Operations began officially on August 25, 1961, with 19 securities listed for trading. However, informal operations had commenced earlier in June 1961. Operations were initially conducted inside the Central Bank building with four firms as market dealers: Inlaks, John Holt, C.T. Bowring, and ICON (Investment Company of Nigeria). The volume for August 1961, was about 80,500 pounds and it rose to about 250,000 pounds in September of the same year with the bulk of the investments in government securities. In December 1977 it became known as The Nigerian Stock Exchange, with branches established in some of the major commercial cities of the country.

In 2021, the demutualisation of the NSE was initiated which led to the emergence of the Nigerian Exchange Group (NGX Group) Plc and three subsidiaries – Nigerian Exchange Limited (NGX), NGX Regulation Limited (NGX RegCo), and NGX Real Estate Limited (NGX RelCo).

==Operations==
Nigerian Exchange has been operating an Automated Trading System (ATS) since April 27, 1999, with dealers trading through a computer network. In 2013, NGX launched its next-generation trading platform, X-Gen, intended to enable electronic trading for the retail and institutional segments. Trading on The Exchange starts at 9.00 a.m. and closes at 4.00 p.m. every Monday - Friday. Market prices, along with an All-Share Index, NGX 30, and Sector Indices, are published daily in The Stock Exchange Daily Official List, NGX CAPNET (an intranet facility), newspapers, and on the stock market page of the Reuters Electronic Contributor System. Historical price and performance data are also posted on the NGX website.

In order to encourage foreign investment into Nigeria, the government has abolished legislation preventing the flow of foreign capital into the country. This has allowed foreign brokers to enlist as dealers on the exchange, and investors of any nationality are free to invest. Nigerian companies are also allowed multiple and cross-border listings on foreign markets.

In a bid to promote transparency and trust in the capital market, NGX reconstituted the Investors' Protection Fund in 2012. The Fund is mandated to compensate investors who suffer pecuniary loss arising from the revocation or cancellation of the registration of a dealing member; insolvency, bankruptcy or negligence of a dealing member; or defalcation committed by a dealing member or any of its directors, officers, employees or representatives.

==Regulation==
The NGX is regulated by the Nigerian Securities and Exchange Commission.

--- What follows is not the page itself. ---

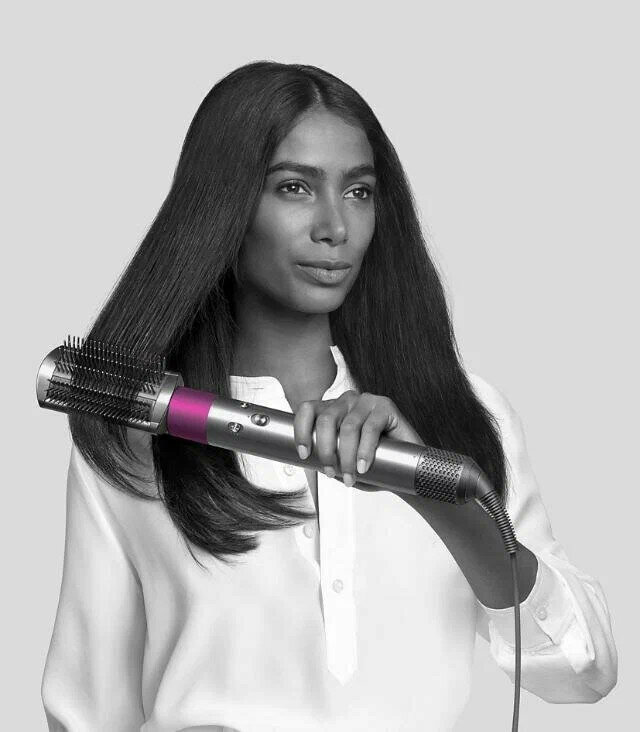 Фен-стайлер Dyson Airwrap HS01 (4 насадки в комплекте), fuchsia - фотография № 12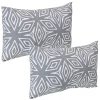 Sunnydaze Decor Sunnydaze 2 Indoor/Outdoor Lumbar Throw Pillow Covers- 20-Inch - Gray Geometric -Safavieh Store 5817232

== Leadership and subsidiaries ==
Nigerian Exchange Group is led by a Group Managing Director/Chief Executive Office, a position currently held by Temi Popoola. Following the demutualisation and rebranding in 2021, NGX Group is made up of the following wholly owned subsidiaries:

- Nigerian Exchange Limited (NGX), with Jude Chiemeka as the Chief Executive Officer
- NGX Regulation Limited (NGX REGCO) led by the Chief Executive Officer, Olufemi Shobanjo
- NGX Real Estate Limited (NGX RELCO), led by the Acting Chief Executive Officer, Gabriel Igbeka.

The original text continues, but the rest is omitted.